Zoom: The Next Platform for Billion-Dollar Apps
The Signal: A few weeks ago, Zoom rolled out Zoom for Home, “a 27-inch screen with three wide-angle cameras, eight microphones and touchscreen display” priced at $599. According to the product’s video ad, the hardware’s key use case is collaboration (particularly around whiteboarding and annotation).
And earlier in July, the company unveiled its hardware-as-a-service program, which “provides access to Zoom Phone and Zoom Rooms hardware solutions with a budget-friendly subscription service.”
Zoom — a company now valued at $70B — once projected its entire market opportunity in the company’s S1 to be $43B… by 2022.
Clearly, the addressable market has gotten much bigger.
The Opportunity: According to Zoom CEO Eric Yuan, the communications company is prioritizing the buildout of its API and SDK (software development kit):
“Look at the things Zoom is being used for now, like, for example, telemedicine. We don’t have this expertise. So, a healthcare startup with this domain expertise could leverage our SDK and API and embed it into their telemedicine application. The user doesn’t have to know it’s Zoom. You could do the same for fitness classes, teachers, etc. Each vertical use case can be a huge market on its own.”
The long-term goal is to become a platform to house billion-dollar apps.
To identify opportunities in the video app space, we did a deep dive on the Zoom app marketplace (~800 apps). At present, the top 5 categories in the marketplace are scheduling, collaboration, learning & development, education, and productivity.
- Niche scheduling apps
With 21% of the apps, scheduling apps are No. 1 in the Zoom marketplace.
While there are numerous all-purpose apps in the category (e.g., Calendly), a number of scheduling apps indicate there’s an opportunity for function or industry-specific solutions: 1) Rooster (job interviews); 2) ScuolaSemplice (classes); 3) Punchpass (group fitness); 4) LawTap (law firms).
- Monetizing webinars and video chats
The transition to video chat learning and webinars has been a boon for Zoom-related learning management systems, particularly those that help to monetize remote instruction: 1) HeySummit (tools to increase engagement and revenue for webinars); 2) Podia (sell online courses, memberships, and digital downloads to your audience; 3) Session (turn your Zoom class into a business)

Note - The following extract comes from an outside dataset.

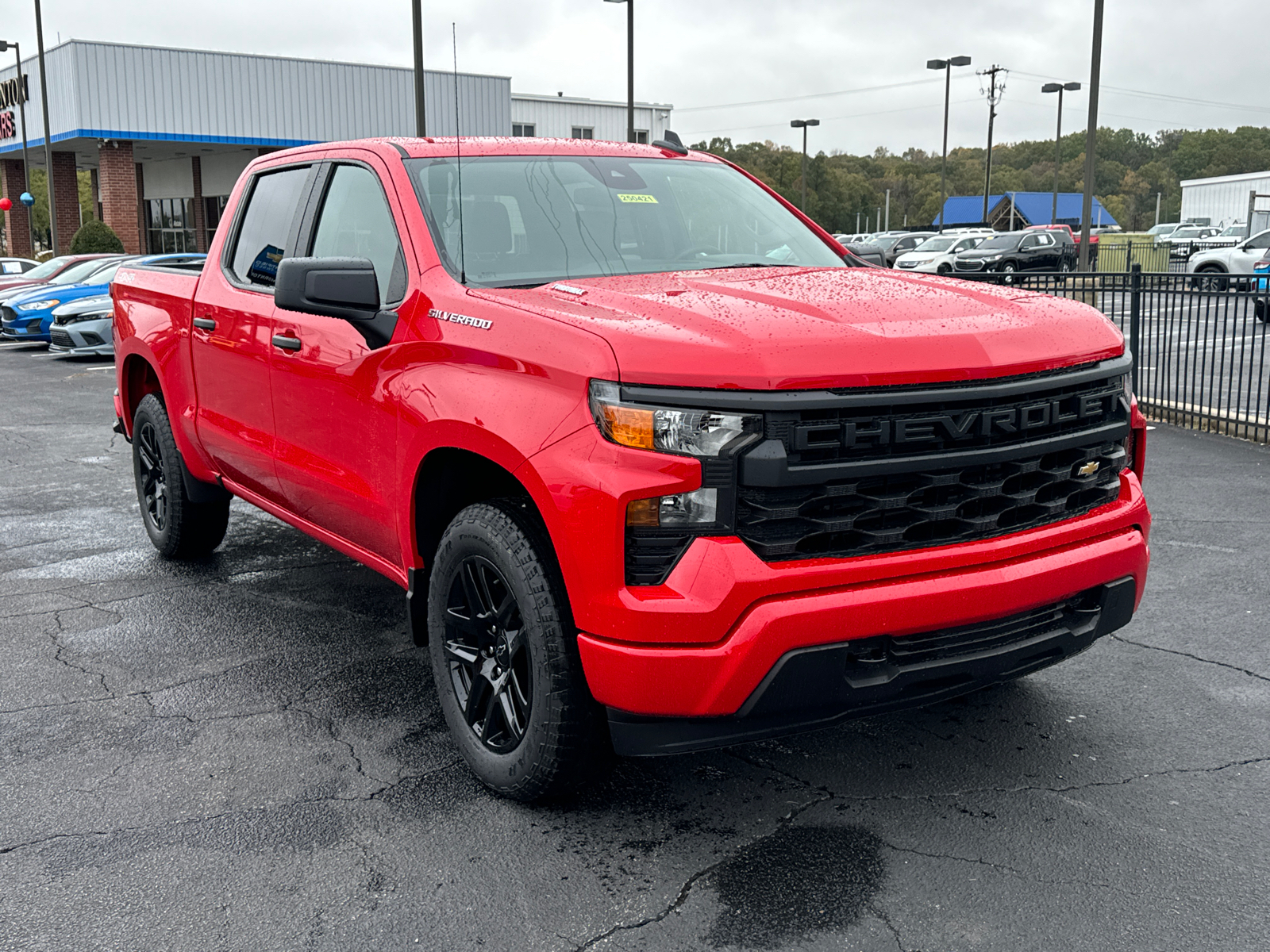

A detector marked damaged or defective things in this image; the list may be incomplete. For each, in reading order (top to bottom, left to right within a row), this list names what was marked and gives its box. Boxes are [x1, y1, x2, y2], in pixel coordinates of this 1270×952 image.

cracked pavement [0, 345, 1264, 952]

- Productivity & meeting management
The 5th most-popular app store category is productivity. This also happens to be the category for Docket, which won the Zoom App Marketplace Competition for products using Zoom’s APIs (securing $2m in funding as a prize).

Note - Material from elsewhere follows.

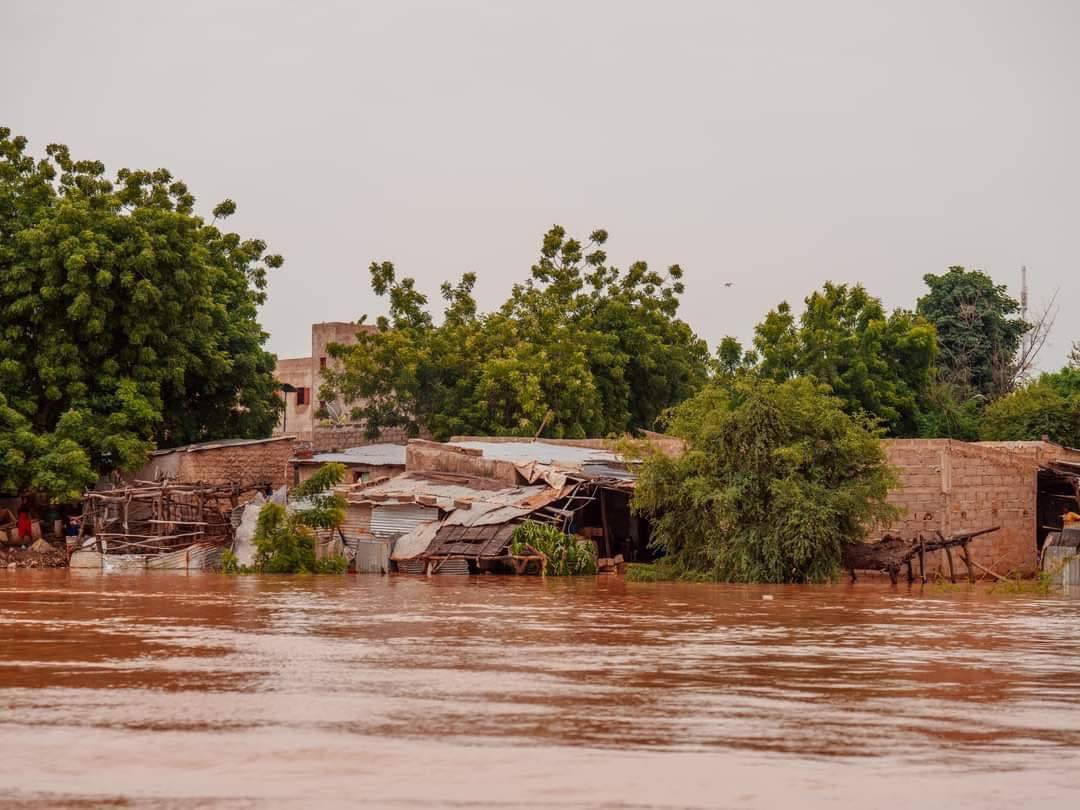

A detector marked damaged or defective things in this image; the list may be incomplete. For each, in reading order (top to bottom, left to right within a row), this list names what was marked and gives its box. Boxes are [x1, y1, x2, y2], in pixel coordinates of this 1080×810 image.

Docket is a workspace for collaborative agenda creation, decision documentation, and action-item tracking.
- Asynchronous video recordings
Loom (valued at $350m) is another video chat service that is often compared to Zoom. However, the 2 are quite distinct as Loom provides asynchronous communication (e.g., video recordings are not meant to be consumed live).
However, there is no technical reason why Zoom can’t provide this functionality, partnering with apps that provide this solution: 1) Asana Moments; 2) Clipwise; 3) Flixier.
The rise in telemedicine has — unsurprisingly — led to a number of health-related apps being built on Zoom for all types of use cases: 1) SockyApp (behavioral treatment of autism); 2) Nutrition Maker (online dieticians); 3) Exercise Pro Live (physio therapy); 4) Next Patient (telemedicine).